### Supplied information
+++

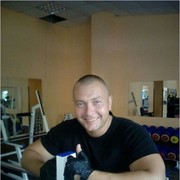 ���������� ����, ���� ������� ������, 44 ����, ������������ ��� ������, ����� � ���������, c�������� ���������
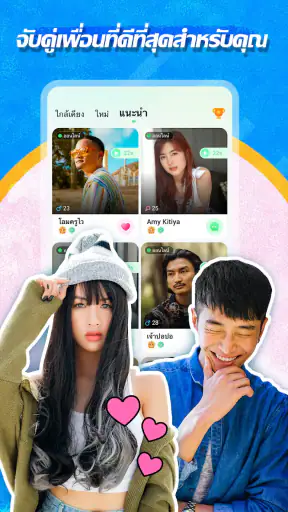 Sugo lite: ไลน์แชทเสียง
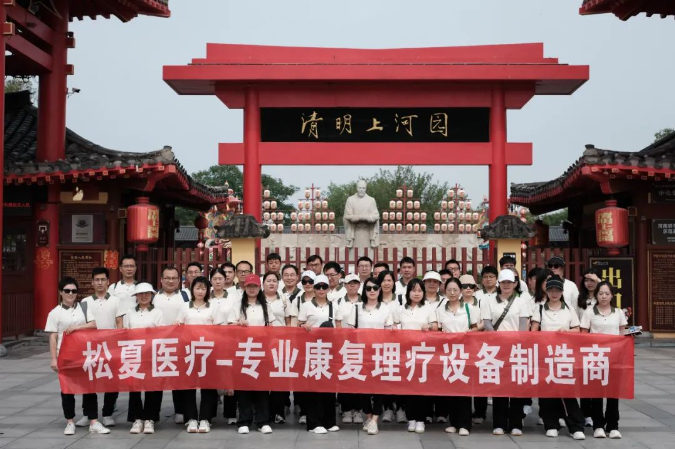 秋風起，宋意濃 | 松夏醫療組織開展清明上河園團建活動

+++

### Instructions for the task
The copy must match the listing above exactly but contain no pictures.

### Solution to this problem
 ���������� ����, ���� ������� ������, 44 ����, ������������ ��� ������, ����� � ���������, c�������� ���������
 Sugo lite: ไลน์แชทเสียง
 秋風起，宋意濃 | 松夏醫療組織開展清明上河園團建活動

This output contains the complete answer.